Since there is always room for dessert, we ordered two: brown butter cake with fresh berries and vanilla bean ice cream, plus a chocolate pot au creme, served with a caramelized banana and whipped cream. The miniature cakes, each bite moist with butter, were easy to share, and the caramelized coating on the banana was a welcome complement to the rich chocolate custard.
Attire is casual, but going to a place where the plating -- and waterfront scenery -- is prettier than your face, you feel like dressing up a bit. That should become especially true as the restaurant continues to grow in popularity and draw a more food-loving crowd, as opposed to solely hotel guests.

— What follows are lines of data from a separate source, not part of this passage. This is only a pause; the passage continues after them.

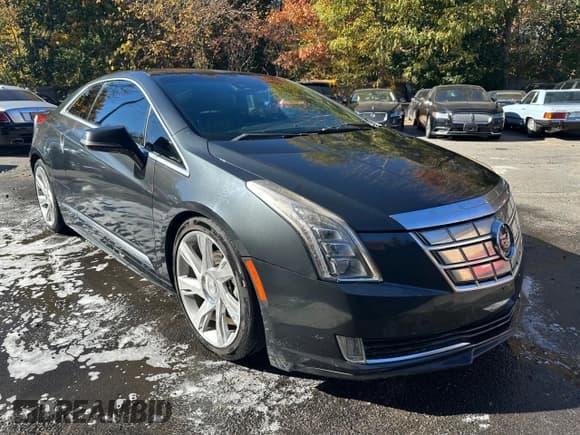 ✅ 2014 Cadillac ELR • VIN: 1G6RL1E44EU600913 • Лот: 43914525. Опубликован ранее на Copart с пробегом 57 673 миль. Бесплатный доступ к архиву аукционных продаж из США и подробный отчёт об истории автомобиля на DreamBid. Изображение 1.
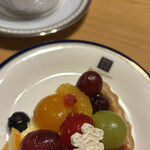 キル フェ ボン - 色とりどりのフルーツリースタルト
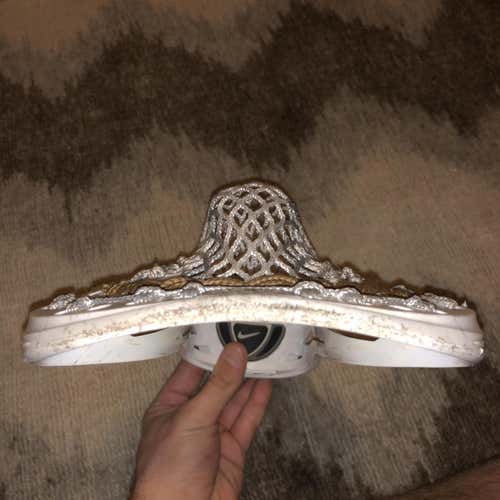 Nike CEO Strung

"We've made a mark in Marina in the sense that people know us for being consistent and the quality," Gold said. "This is really a freestanding restaurant inside the Marina del Rey Hotel. It's become a destination, which is awesome, so we've been able to evolve with the menu."
SALT is open for brunch, lunch, happy hour and dinner. With seating right on the marina, it's not a bad place to watch the sunset with friends, wine or craft cocktails and eats like fried chicken thighs and avocado hummus. You can also make champagne toasts over lobster rolls and oatmeal "brule" for brunch or wow guests with a steak dinner.
Gold said he's had the freedom to take the restaurant to a new level since he started there two years ago. The dinner menu used to feature fish tacos and cobb salad, and now it boasts Maine lobster pasta and prime filet of beef. He said the future of SALT holds an even more in-season focus, tasting menus and an emphasis on consistency.
"For me now, I think it's really developing the team to take it to the next level," he said. "I want every item on the menu to be pristine."